Please produce an exact transcription of the lines from the one containing "Tractor mud racing" through the last line of the entries, leaving out every picture.

[Opening Supplied information section]

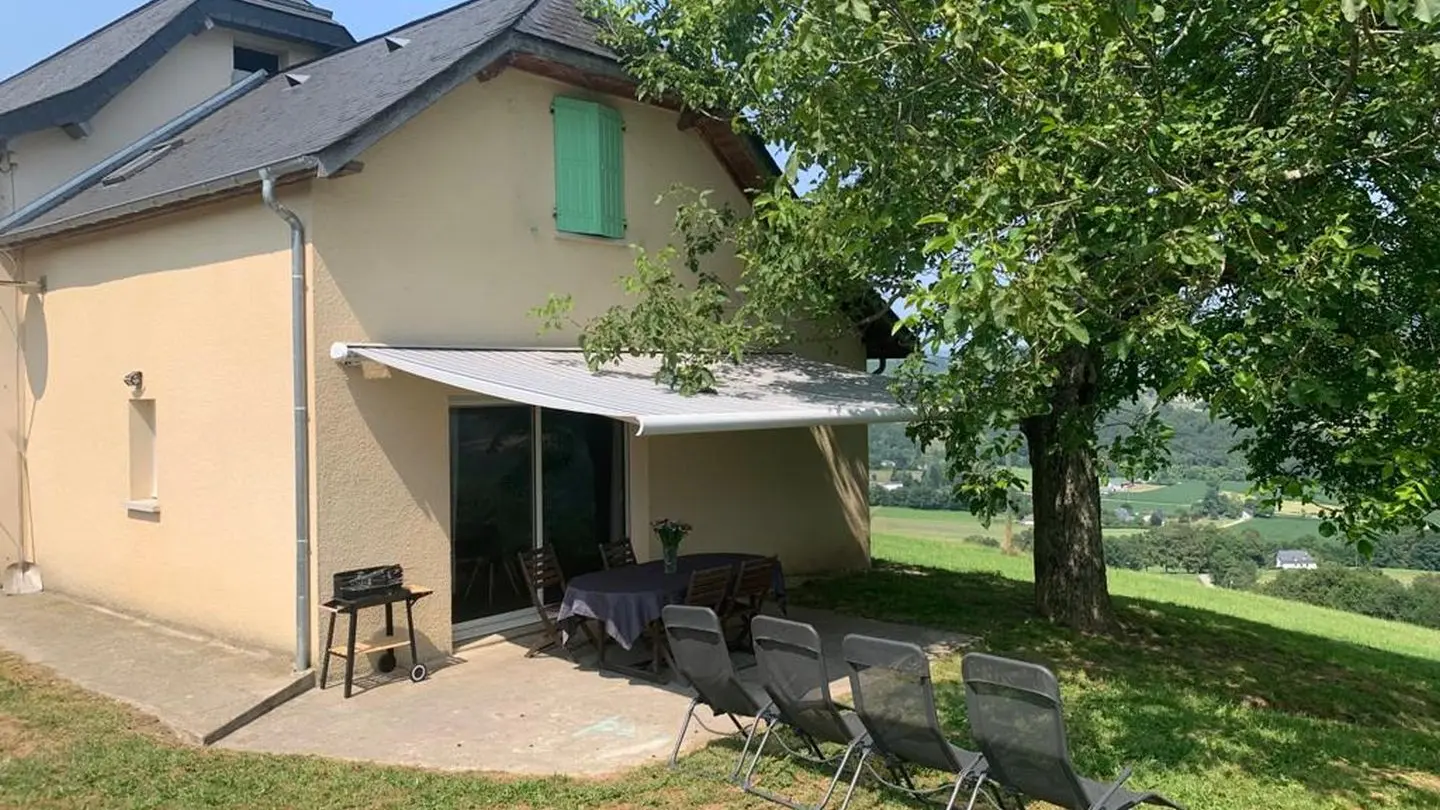 Terrasse avec salon de jardin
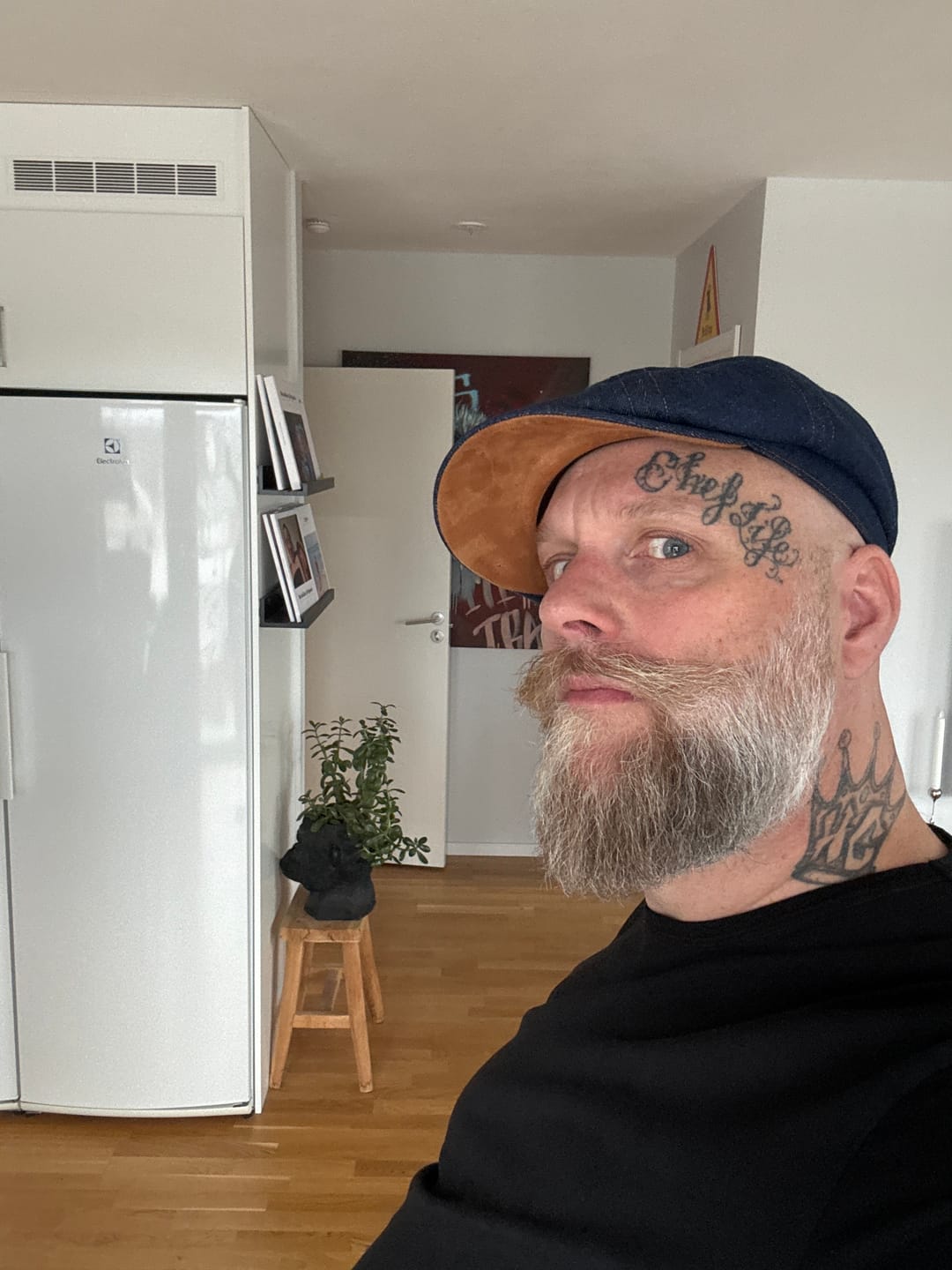 Customer photo review of Denim 'Brooklyn' Newsboy Cap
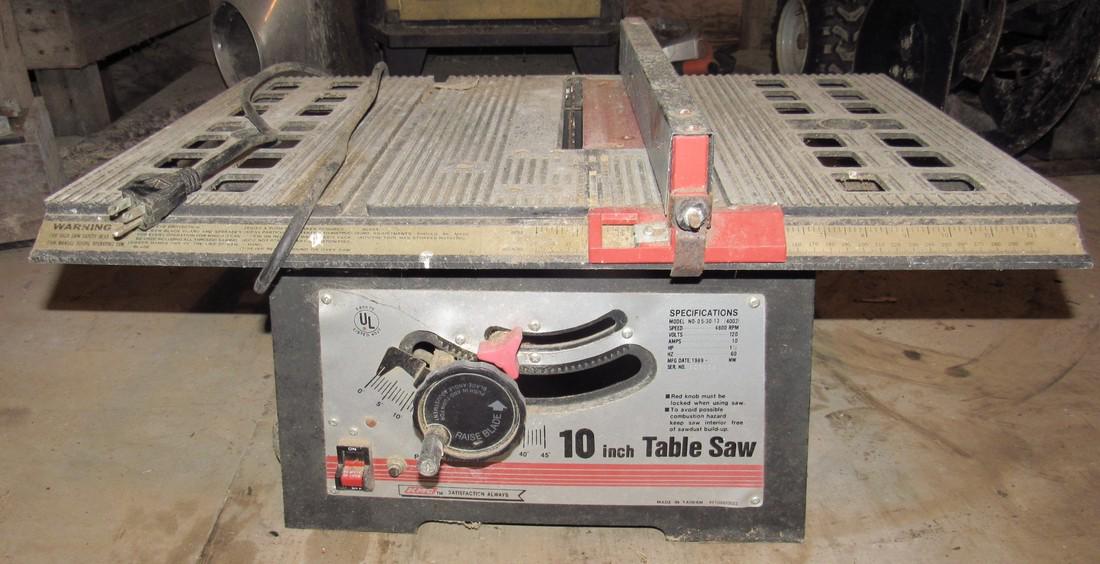 Craftsman 10" Table Saw (1 of 4)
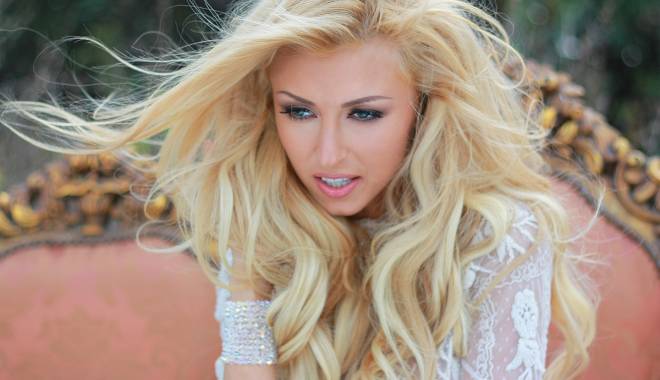 Andreea Bălan lămurește tot. S-a logodit sau nu? - andreeabalanmadoarefaratine-1416743062.jpg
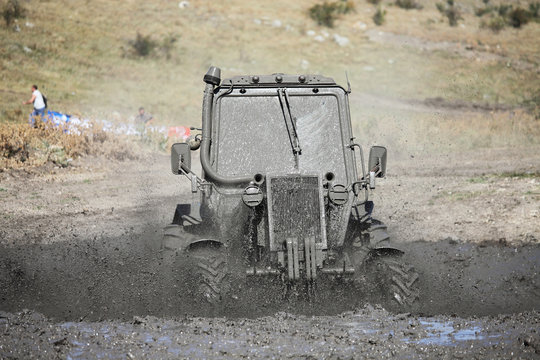 Tractor mud racing
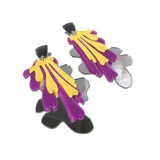 Aros colgantes con piezas geométricas de acrílico espejado plateado, violeta y amarillo.
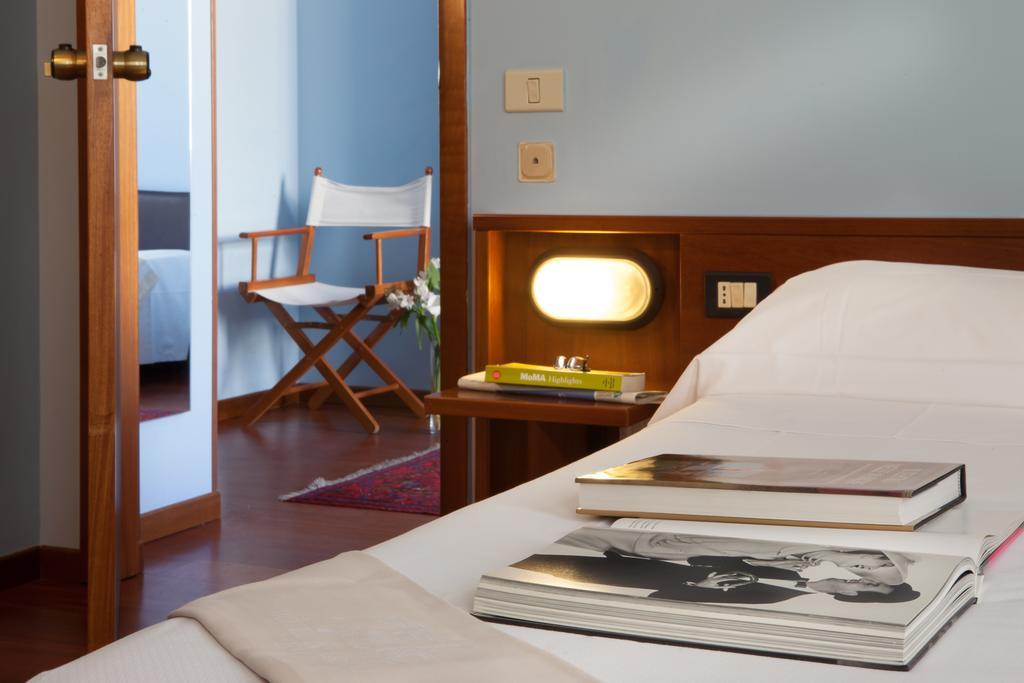Hotel Mariani เยซี ภายนอก รูปภาพ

[Closing Supplied information section]

### Solution to the problem
 Tractor mud racing
 Aros colgantes con piezas geométricas de acrílico espejado plateado, violeta y amarillo.
Hotel Mariani เยซี ภายนอก รูปภาพ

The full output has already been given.